Problem statement => Set down each line of the data below exactly as it stands, dropping the pictures.

Data shown =>
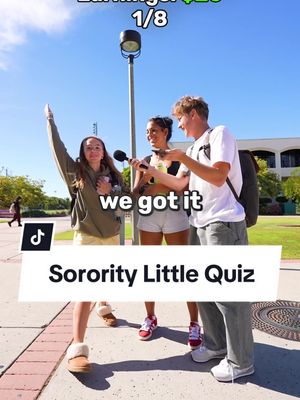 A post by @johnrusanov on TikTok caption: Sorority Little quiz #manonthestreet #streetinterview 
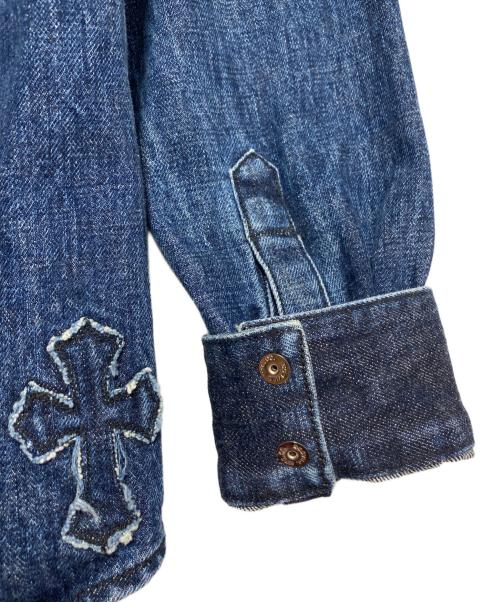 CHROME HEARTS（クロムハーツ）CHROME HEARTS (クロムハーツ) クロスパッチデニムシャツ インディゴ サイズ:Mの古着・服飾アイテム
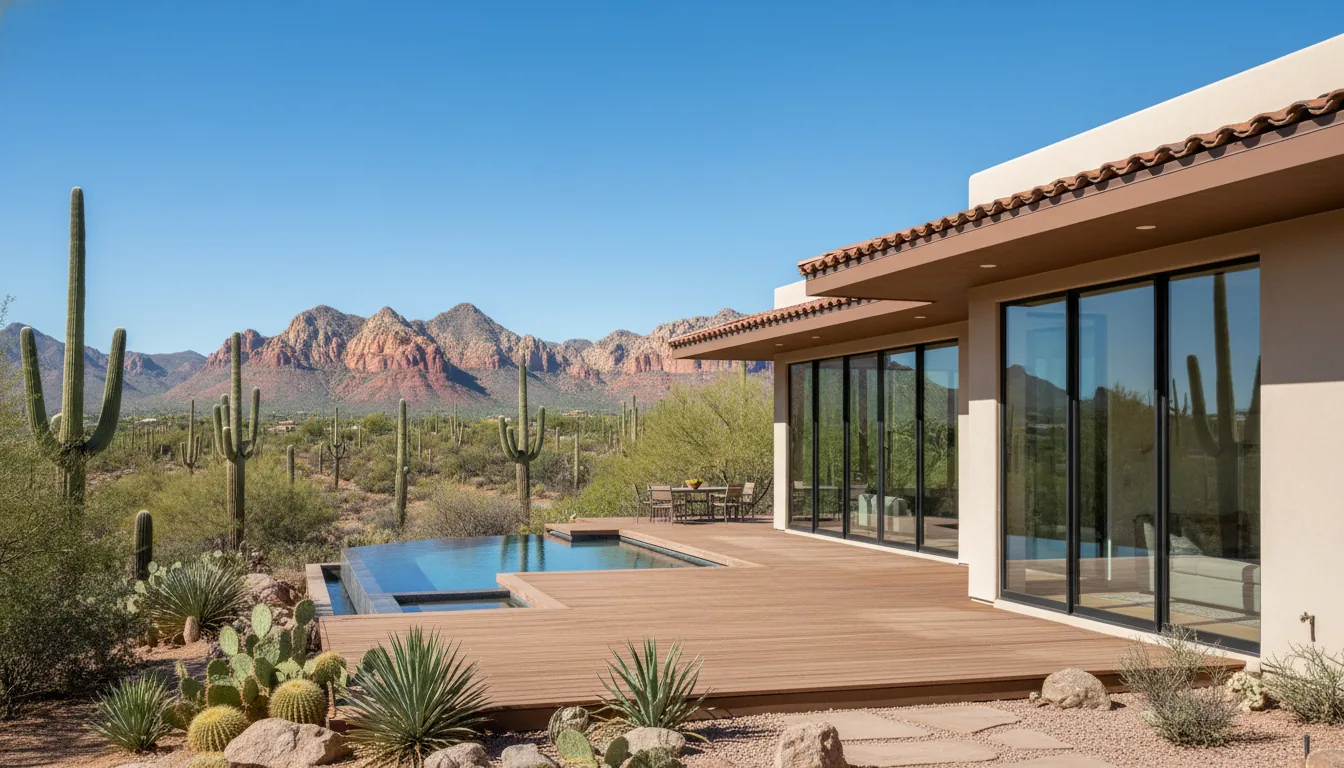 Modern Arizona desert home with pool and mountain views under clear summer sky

Answer space =>
 A post by @johnrusanov on TikTok caption: Sorority Little quiz #manonthestreet #streetinterview 
 CHROME HEARTS（クロムハーツ）CHROME HEARTS (クロムハーツ) クロスパッチデニムシャツ インディゴ サイズ:Mの古着・服飾アイテム
 Modern Arizona desert home with pool and mountain views under clear summer sky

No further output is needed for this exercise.